Most political reporters know that the California Legislature is a co-equal branch of government but few know much about the legislators themselves. As a result, all too often they place legislators in traditional categories — eg, “pro-business, “pro-labor,” “pro-environment” — when California’s political world has moved well past those old and uninformative designations.
For example, how should one categorize GOP Assemblymember Catharine Baker, who voted for California’s cap-and-trade legislation? Or Democratic State Senator Scott Weiner, who supports charter schools?
In our view, such legislators should be categorized as “liberated.” Until recently, legislators were rarely able to legislate for the general interest because that meant drawing potentially fatal fire from special interests. What changed? Two things: The growth of direct donations to state legislators from individuals and the establishment of an open primary system.
When reporting on campaign finance the press tends to fixate on independent expenditures, which are headline grabbers and easier to track, but direct donations can be more consequential in legislative races and even more so in the case of sitting legislators. Historically, special interests dominated direct donations to legislators but that started to change in 2011 with the emergence of networks such as Govern For California’s that bundle direct donations from individuals in amounts that in 2018 may not exceed $4,400 per donor per recipient per election. Now, candidates and legislators receive healthy amounts of donations from individuals interested only in good governance. That helps to insulate them from special interest fury and to liberate them to act in the general interest.
The other liberator was Top Two Primary, California’s version of open primary. In closed primary systems, legislators have to worry about an attack from a flank. Thus in a closed primary world GOP legislator Catharine Baker’s vote for cap-and-trade would likely have unleashed a vicious closed primary attack from her right. Likewise for Democrats who vote in ways that could unleash attacks from the left. Open primaries empower legislators to represent more than the special interests who dominate closed primaries.
To uninformed observers legislators of the same party might appear undistinguishable. But in reality they can be very different — especially given the enormous breadth of their responsibilities. California legislators spend $300 billion per year and write laws and regulations affecting nine million students, 13.5 million Medi-Cal enrollees, 20 million workers and 40 million citizens. They write more than two dozen codes, including those that govern education, crime, health, safety, work, the environment, housing, water and food. Given that breadth, shouldn’t one expect intra-party differences?

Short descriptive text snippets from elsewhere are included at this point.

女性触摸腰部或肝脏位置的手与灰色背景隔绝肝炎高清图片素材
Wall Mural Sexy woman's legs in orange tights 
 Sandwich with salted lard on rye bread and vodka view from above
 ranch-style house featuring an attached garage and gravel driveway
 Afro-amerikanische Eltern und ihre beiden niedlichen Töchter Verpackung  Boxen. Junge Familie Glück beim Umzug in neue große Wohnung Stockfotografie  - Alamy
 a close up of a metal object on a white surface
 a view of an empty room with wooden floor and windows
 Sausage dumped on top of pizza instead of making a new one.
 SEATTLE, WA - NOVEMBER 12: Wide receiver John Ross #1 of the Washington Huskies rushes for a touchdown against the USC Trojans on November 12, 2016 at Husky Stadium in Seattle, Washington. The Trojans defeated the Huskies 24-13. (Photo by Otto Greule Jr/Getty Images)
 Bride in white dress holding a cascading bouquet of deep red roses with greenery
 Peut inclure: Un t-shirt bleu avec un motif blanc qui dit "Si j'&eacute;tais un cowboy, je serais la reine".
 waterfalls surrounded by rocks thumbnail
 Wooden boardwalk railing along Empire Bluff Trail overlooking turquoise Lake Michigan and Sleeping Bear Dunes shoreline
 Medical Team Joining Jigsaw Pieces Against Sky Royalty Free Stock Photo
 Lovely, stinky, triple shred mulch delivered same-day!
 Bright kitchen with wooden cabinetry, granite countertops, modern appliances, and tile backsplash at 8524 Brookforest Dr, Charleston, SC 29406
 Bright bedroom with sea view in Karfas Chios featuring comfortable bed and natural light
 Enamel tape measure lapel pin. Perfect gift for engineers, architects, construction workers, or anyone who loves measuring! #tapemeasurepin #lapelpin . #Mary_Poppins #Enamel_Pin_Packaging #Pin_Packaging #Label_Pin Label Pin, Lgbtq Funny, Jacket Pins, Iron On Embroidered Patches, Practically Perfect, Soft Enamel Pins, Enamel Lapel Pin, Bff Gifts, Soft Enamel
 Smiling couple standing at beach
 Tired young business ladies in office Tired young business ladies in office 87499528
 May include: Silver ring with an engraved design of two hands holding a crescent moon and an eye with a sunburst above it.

The liberation of legislators also heralds a return to the power the California Legislature is supposed to assert. There is a reason the Legislative Branch appears before the Executive Branch in California’s constitution. For too long governors have set agendas when their principal responsibility under the constitution is to enforce laws written by the legislature. Now that legislators can be liberated to represent the general interest it’s time they assumed their rightful roles. After all, a California state legislator easily has more impact on the daily lives of Californians than do Members of Congress or US Senators.
Political reporters don’t have an easy job. Legislators considered 2700+ bills in 2017. That’s a lot of ground to cover. But if they are going to categorize legislators they have to review actual legislator behavior.